INDIANAPOLIS — Two years ago, global high-tech company Belden noticed it couldn't fill jobs at its Richmond plant because 10 percent of its applicants were failing initial drug screens.

That was troubling since a third of the plant's 700 workers were within five years of retirement.

Now, potential Belden employees who fail a drug test are given a second chance. They can participate in a drug rehab program offered through Meridian Health. Once completed and when they commit to a substance-free lifestyle, the potential worker can get a job.

Since launching its Pathways to Employment in February 2018, 30 candidates have joined the Richmond program, according to Ellen Drazen, corporate communications manager for Belden.

Of those, 12 completed the program and are operating machinery; six are in treatment but working in safety-sensitive positions such as cleaning or conducting inventory; three are being assessed and nine have left.

The company estimates average costs at $16,000 for each program participant and says the costs are beneficial because treatment results in loyal, skilled employees. The program is expanding to facilities in Syracuse, N.Y., and Washington, Pa.

"We know that businesses need a healthy workforce and we also know that people in recovery from a substance use disorder need jobs," said Jim McClelland, Indiana executive director for Drug Prevention, Treatment and Enforcement. "Effective treatment can go a long way toward filling both needs in ways that are beneficial to employers and employees."

Belden's second chance program is one of the exceptions in Indiana.

A statewide survey by Indiana Workforce Recovery, a project through the Indiana Chamber of Commerce and the Wellness Council of Indiana, shows that 35 percent of employers do not have a basic written drug or alcohol misuse policy. Only 45 percent have a plan for directing employees to receive assistance with substance misuse problems.

On Monday, guidelines were offered to help employers develop policies. Guidelines can be found at https://www.in.gov/recovery.

Companies are encouraged to have a written policy and procedures in place along with employee education programs, supervisor training, drug and alcohol testing, and employee assistance plans.
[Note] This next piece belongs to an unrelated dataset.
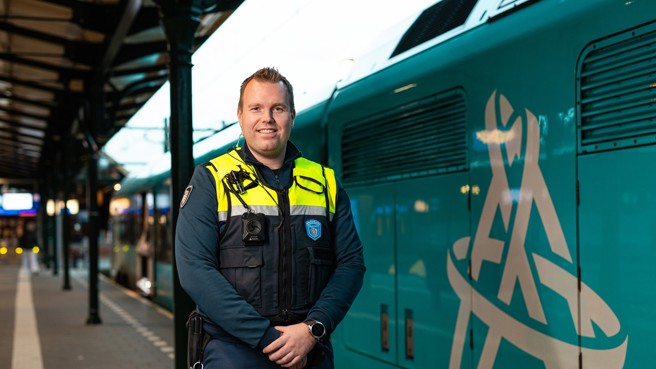 Een Steward/Boa OV staat in uniform en lachend op het perron, naast hem staat een blauwe Arriva-trein. Een Steward/Boa OV staat in uniform en lachend op het perron, naast hem staat een blauwe Arriva-trein.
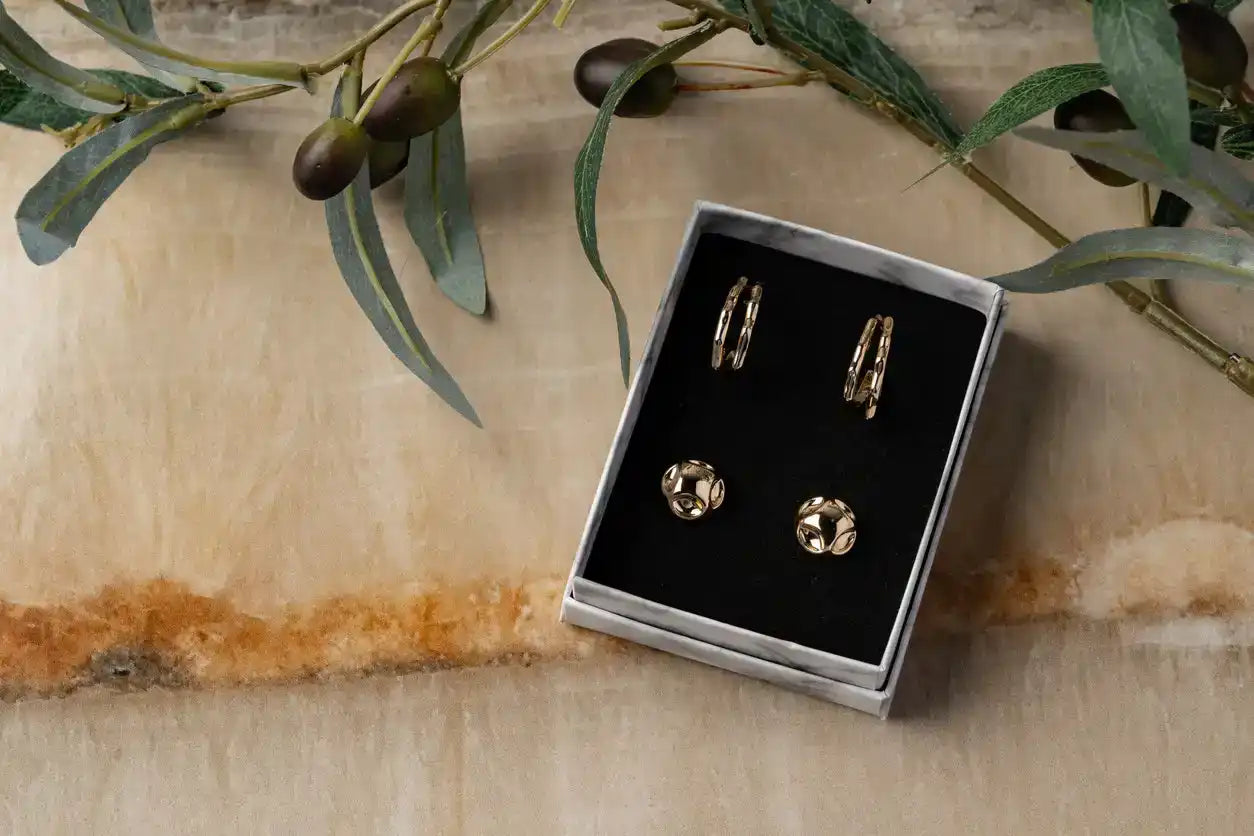 Set of gold hoop earrings in a box on a wooden surface with green leaves.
Employers were urged to have second-chance programs available.

Of more than 350 employers surveyed, 76 percent strongly agreed or agreed that substance abuse is a community problem but only 13 percent believed it was a problem for their own organization.

Hoosier workers who fail a drug screen for the first time are as likely to be terminated, at 22 percent, as they are given a second chance, at 24 percent.

"It goes far beyond a policy; a drug-free workplace is about a culture," said Jennifer Pferrer, executive director of the Wellness Council of Indiana.

Over 200,000 Hoosiers are currently struggling with substance use disorder, Pferrer said. Those numbers are nearly enough to fill seats at the Indianapolis Motor Speedway or sell out three Indianapolis Colts games, she added.

Indiana recently led the nation with a 31 percent decrease in opioid prescriptions, according to Dr. John Hinton, lead medical director for Anthem.

That effort has been spurred in part by policy changes such as a pharmacy home program that allows doctors better access to monitor opioid use.